Inicialmente, ela era resistente a psicoterapia mais intensiva, o que ela atribuiu ao medo de “recomeçar” com um novo provedor e preocupações sobre a aliança paciente-terapeuta. Ela queria principalmente controlar seus sintomas com medicamentos e teve tentativas malsucedidas de vários ISRS/IRSN com e sem aumento de estabilizadores de humor (notavelmente, lamotrigina e ácido valproico) e aripiprazol. Ela também tentou diferentes estimulantes para seu TDAH, o que pareceu apenas exacerbar ainda mais sua ansiedade. Por fim, depois de vários anos trabalhando com seu psiquiatra e vendo benefícios limitados com testes de medicamentos, ela concordou em iniciar psicoterapia individual em conjunto com medicamentos. Ela começou com terapia comportamental dialética quinzenal, depois fez a transição para terapia de dessensibilização e reprocessamento do movimento ocular (em vista de sua história significativa de trauma sexual na infância). Ela também participou de terapia cognitivo-comportamental para insônia e melhorou sua higiene do sono. Além disso, ela foi testada com quetiapina em baixa dosagem para humor/ansiedade e atomoxetina para TDAH. Ela começou a ver pequenas, mas significativas melhorias com esse regime.

CONSIDERAÇÕES SOBRE O TRATAMENTO

Apesar dos diagnósticos dos clientes serem diferentes, podemos identificar algumas semelhanças entre os casos.

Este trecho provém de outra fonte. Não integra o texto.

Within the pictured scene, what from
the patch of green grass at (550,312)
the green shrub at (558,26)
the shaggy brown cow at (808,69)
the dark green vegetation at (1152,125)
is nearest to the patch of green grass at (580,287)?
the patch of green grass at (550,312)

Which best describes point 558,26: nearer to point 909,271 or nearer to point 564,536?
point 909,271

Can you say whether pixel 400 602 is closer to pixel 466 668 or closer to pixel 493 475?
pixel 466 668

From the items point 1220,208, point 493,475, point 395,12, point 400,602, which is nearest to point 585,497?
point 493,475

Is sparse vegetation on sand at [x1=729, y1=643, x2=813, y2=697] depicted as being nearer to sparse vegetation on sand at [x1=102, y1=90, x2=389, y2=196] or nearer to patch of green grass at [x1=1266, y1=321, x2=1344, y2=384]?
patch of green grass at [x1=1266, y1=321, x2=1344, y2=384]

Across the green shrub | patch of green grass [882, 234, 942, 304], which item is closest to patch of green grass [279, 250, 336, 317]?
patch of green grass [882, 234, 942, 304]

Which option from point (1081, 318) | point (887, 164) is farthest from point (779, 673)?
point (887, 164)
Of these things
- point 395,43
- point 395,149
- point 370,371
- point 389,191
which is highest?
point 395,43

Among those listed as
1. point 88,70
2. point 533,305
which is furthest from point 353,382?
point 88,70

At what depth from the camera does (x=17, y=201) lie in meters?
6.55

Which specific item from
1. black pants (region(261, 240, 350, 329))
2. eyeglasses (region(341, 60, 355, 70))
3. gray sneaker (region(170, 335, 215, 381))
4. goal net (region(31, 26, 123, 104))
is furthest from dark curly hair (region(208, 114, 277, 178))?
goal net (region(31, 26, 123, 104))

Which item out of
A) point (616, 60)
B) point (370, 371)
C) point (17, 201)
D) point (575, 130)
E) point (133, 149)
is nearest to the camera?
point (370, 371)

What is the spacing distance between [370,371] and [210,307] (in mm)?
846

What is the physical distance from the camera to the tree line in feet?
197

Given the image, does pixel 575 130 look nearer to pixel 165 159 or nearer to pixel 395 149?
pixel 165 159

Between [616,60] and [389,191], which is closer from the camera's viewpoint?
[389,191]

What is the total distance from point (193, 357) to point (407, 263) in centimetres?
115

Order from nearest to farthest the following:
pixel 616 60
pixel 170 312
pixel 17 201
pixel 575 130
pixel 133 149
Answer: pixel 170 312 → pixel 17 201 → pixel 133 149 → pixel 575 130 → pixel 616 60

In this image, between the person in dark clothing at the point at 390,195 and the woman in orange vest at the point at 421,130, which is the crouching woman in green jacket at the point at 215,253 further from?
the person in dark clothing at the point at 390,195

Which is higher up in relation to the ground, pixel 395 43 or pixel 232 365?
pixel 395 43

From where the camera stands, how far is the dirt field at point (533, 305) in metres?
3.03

Em ambos os casos, os clientes iniciaram o tratamento apenas utilizando fármacos receitados pelo psiquiatra, como estabilizadores de humor, para ansiedade e depressão comórbidas ao TEPT e TPB, que também desempenham papel na impulsividade e labilidade do humor, característicos dos diagnósticos. Devido à resistência aos medicamentos, iniciaram processo psicoterápico.

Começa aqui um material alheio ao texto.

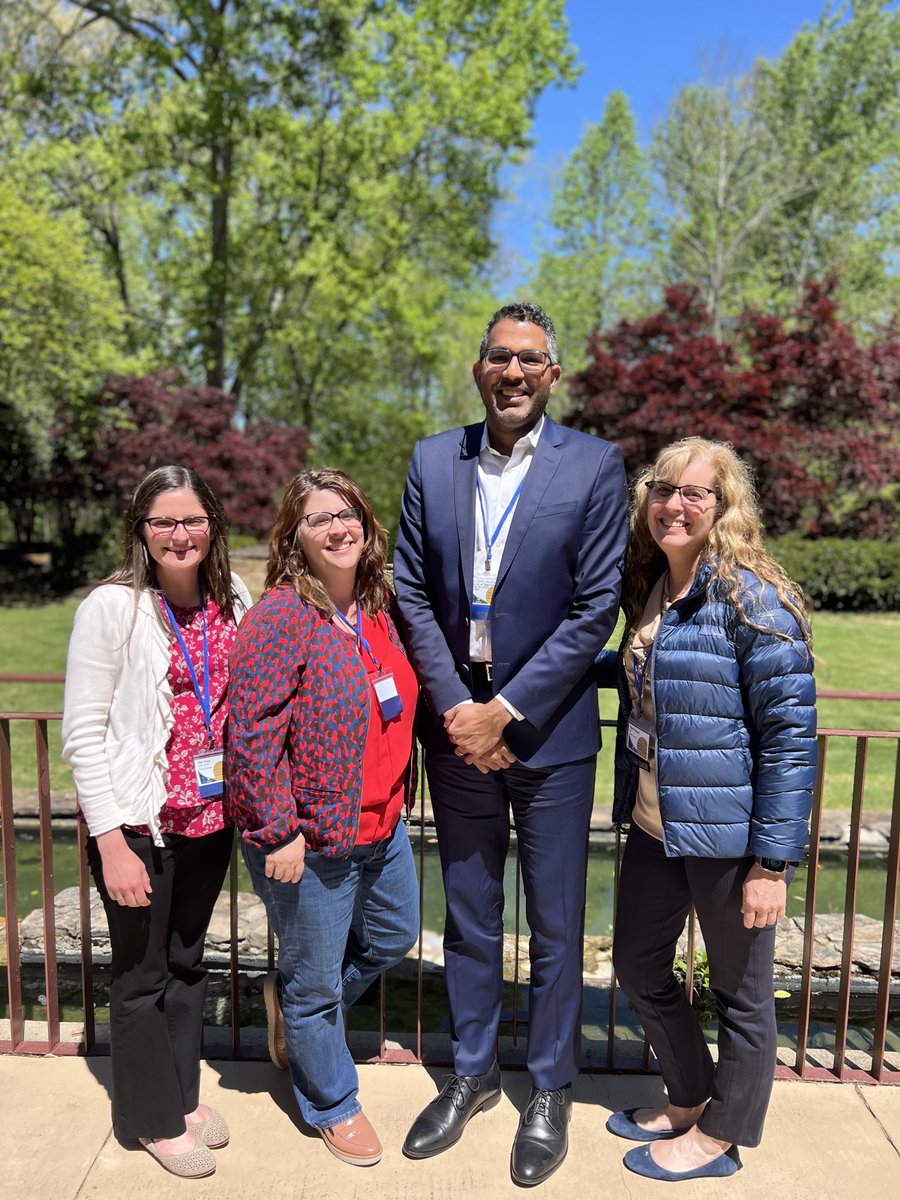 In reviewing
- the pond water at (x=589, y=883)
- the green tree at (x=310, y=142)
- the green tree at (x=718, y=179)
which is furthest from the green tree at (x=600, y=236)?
the pond water at (x=589, y=883)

Em ambos os casos, o raciocínio clínico para o tratamento em psicoterapia também pode seguir linhas semelhantes. Como ambos apresentam traumas com presença de instabilidade emocional (ansiedade desencadeada pelo histórico do trauma vivenciado) e baixa autoeficácia, comuns em ambos os diagnósticos, possivelmente as abordagens mais benéficas seriam aquelas que visam a desregulação emocional e o processamento do trauma. 

Atualmente, a terapia comportamental dialética é o tratamento mais empiricamente sustentado que se demonstrou eficaz para TPB e para clientes com TEPT-C, no que diz respeito ao tratamento da labilidade e regulação emocional. Para o processamento do trauma, as terapias mais indicadas tanto para TPB como para TEPT-C são a terapia de processamento cognitivo, dessensibilização e reprocessamento do movimento ocular e terapia de exposição prolongada. Para melhor gerenciamento da ansiedade e melhorar a socialização, podem ser incluídas a terapia de aceitação e compromisso com foco em atenção plena e mudanças cognitivo-comportamentais.

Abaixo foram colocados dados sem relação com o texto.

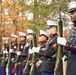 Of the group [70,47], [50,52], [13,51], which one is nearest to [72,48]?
[70,47]

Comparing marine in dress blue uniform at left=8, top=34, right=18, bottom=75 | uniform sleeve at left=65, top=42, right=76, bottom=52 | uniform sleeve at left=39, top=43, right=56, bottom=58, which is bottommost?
marine in dress blue uniform at left=8, top=34, right=18, bottom=75

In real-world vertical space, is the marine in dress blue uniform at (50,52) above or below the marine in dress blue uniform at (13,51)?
above

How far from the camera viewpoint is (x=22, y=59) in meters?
11.0

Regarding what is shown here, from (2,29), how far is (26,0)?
20.8ft

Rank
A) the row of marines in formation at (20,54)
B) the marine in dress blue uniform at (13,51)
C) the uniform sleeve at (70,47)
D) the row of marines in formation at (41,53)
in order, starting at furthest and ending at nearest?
the marine in dress blue uniform at (13,51)
the row of marines in formation at (20,54)
the row of marines in formation at (41,53)
the uniform sleeve at (70,47)

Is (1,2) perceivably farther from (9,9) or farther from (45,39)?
(45,39)

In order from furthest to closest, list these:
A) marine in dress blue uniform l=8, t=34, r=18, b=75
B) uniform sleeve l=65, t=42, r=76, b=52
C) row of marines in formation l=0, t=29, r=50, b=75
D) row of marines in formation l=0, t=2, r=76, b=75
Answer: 1. marine in dress blue uniform l=8, t=34, r=18, b=75
2. row of marines in formation l=0, t=29, r=50, b=75
3. row of marines in formation l=0, t=2, r=76, b=75
4. uniform sleeve l=65, t=42, r=76, b=52

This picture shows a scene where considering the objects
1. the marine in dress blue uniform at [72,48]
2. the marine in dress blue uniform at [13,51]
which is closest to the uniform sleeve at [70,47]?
the marine in dress blue uniform at [72,48]

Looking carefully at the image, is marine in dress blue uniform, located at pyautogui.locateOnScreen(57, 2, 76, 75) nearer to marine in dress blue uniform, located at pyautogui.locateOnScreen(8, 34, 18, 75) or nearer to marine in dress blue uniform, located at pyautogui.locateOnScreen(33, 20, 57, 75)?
marine in dress blue uniform, located at pyautogui.locateOnScreen(33, 20, 57, 75)

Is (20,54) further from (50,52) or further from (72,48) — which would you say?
(72,48)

Mudanças comportamentais no estilo de vida desses clientes também são fundamentais no que diz respeito à manutenção do TPB e TEPT-C. É importante desenvolver estratégias de regulação emocional, abordar estressores psicossociais, além de entender como outros diagnósticos médicos podem exacerbar sintomas de ansiedade e tratá-las adequadamente, como no caso do “Sr. Shawn”, com enxaquecas hemiplégicas, ouvindo música, e a “Sra. Carter”, com TDAH e dor crônica, fazendo higiene do sono.

CONCLUSÃO

É fácil cair no erro de que tratamentos medicamentosos são mais eficazes, mas no que se trata de saúde mental, eles apresentam um resultado modesto e o tratamento psicoterápico é considerado de primeira linha. Para clientes com TPB, TEPT-C ou alguma combinação deles, o tratamento deve ser considerado multifacetado e sobreposto. A utilização de fármacos pode trazer algum benefício, porém, o olhar holístico do psicoterapeuta, abordando mudanças comportamentais e os sintomas utilizando as abordagens baseadas em evidências, é mais eficaz.